## Activity:
Copy the lines below exactly, starting at the line that contains "DSquared² Denim Jacket in het Blue" and stopping after the last line, and include no other lines.

Crawled caption data

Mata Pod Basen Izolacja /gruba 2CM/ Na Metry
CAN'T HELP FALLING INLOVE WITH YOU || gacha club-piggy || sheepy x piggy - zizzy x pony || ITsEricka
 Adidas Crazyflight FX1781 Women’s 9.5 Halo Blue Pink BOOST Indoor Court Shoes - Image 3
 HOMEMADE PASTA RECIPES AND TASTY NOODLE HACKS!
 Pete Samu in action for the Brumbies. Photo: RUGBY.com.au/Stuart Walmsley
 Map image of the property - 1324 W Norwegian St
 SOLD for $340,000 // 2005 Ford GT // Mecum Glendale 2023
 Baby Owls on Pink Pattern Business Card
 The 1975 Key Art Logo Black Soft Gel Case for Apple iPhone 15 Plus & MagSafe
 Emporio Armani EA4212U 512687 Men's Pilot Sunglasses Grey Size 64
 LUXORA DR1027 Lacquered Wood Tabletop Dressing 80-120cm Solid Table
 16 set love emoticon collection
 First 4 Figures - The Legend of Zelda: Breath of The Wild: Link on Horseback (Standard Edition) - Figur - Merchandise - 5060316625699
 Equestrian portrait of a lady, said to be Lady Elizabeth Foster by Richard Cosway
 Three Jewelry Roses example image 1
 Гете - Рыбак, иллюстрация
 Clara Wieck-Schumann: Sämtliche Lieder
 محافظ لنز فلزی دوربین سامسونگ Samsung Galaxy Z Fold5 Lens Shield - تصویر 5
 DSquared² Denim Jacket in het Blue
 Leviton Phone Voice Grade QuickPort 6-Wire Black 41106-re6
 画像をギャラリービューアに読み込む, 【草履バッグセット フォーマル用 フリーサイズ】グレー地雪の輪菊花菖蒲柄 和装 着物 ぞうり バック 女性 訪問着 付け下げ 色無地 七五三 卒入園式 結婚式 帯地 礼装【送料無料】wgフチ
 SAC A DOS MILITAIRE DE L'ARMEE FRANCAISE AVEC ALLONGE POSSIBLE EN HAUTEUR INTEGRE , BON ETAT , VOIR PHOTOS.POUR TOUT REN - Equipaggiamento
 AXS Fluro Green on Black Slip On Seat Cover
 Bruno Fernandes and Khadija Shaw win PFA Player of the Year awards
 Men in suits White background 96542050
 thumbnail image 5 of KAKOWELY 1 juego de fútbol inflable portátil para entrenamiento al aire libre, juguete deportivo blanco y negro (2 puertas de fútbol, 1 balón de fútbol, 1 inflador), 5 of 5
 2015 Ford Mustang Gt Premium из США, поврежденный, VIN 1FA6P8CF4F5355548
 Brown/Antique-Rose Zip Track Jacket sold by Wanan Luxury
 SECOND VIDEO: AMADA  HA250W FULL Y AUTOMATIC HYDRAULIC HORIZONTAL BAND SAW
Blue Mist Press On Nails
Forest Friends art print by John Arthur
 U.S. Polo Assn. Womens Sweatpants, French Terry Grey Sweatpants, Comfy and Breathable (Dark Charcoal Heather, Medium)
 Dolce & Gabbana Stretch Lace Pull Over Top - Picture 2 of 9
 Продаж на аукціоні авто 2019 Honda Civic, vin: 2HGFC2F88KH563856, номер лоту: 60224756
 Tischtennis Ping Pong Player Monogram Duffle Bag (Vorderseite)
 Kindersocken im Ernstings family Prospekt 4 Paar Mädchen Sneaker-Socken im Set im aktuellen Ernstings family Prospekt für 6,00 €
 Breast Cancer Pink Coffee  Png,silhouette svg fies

## Your response:
 DSquared² Denim Jacket in het Blue
 Leviton Phone Voice Grade QuickPort 6-Wire Black 41106-re6
 画像をギャラリービューアに読み込む, 【草履バッグセット フォーマル用 フリーサイズ】グレー地雪の輪菊花菖蒲柄 和装 着物 ぞうり バック 女性 訪問着 付け下げ 色無地 七五三 卒入園式 結婚式 帯地 礼装【送料無料】wgフチ
 SAC A DOS MILITAIRE DE L'ARMEE FRANCAISE AVEC ALLONGE POSSIBLE EN HAUTEUR INTEGRE , BON ETAT , VOIR PHOTOS.POUR TOUT REN - Equipaggiamento
 AXS Fluro Green on Black Slip On Seat Cover
 Bruno Fernandes and Khadija Shaw win PFA Player of the Year awards
 Men in suits White background 96542050
 thumbnail image 5 of KAKOWELY 1 juego de fútbol inflable portátil para entrenamiento al aire libre, juguete deportivo blanco y negro (2 puertas de fútbol, 1 balón de fútbol, 1 inflador), 5 of 5
 2015 Ford Mustang Gt Premium из США, поврежденный, VIN 1FA6P8CF4F5355548
 Brown/Antique-Rose Zip Track Jacket sold by Wanan Luxury
 SECOND VIDEO: AMADA  HA250W FULL Y AUTOMATIC HYDRAULIC HORIZONTAL BAND SAW
Blue Mist Press On Nails
Forest Friends art print by John Arthur
 U.S. Polo Assn. Womens Sweatpants, French Terry Grey Sweatpants, Comfy and Breathable (Dark Charcoal Heather, Medium)
 Dolce & Gabbana Stretch Lace Pull Over Top - Picture 2 of 9
 Продаж на аукціоні авто 2019 Honda Civic, vin: 2HGFC2F88KH563856, номер лоту: 60224756
 Tischtennis Ping Pong Player Monogram Duffle Bag (Vorderseite)
 Kindersocken im Ernstings family Prospekt 4 Paar Mädchen Sneaker-Socken im Set im aktuellen Ernstings family Prospekt für 6,00 €
 Breast Cancer Pink Coffee  Png,silhouette svg fies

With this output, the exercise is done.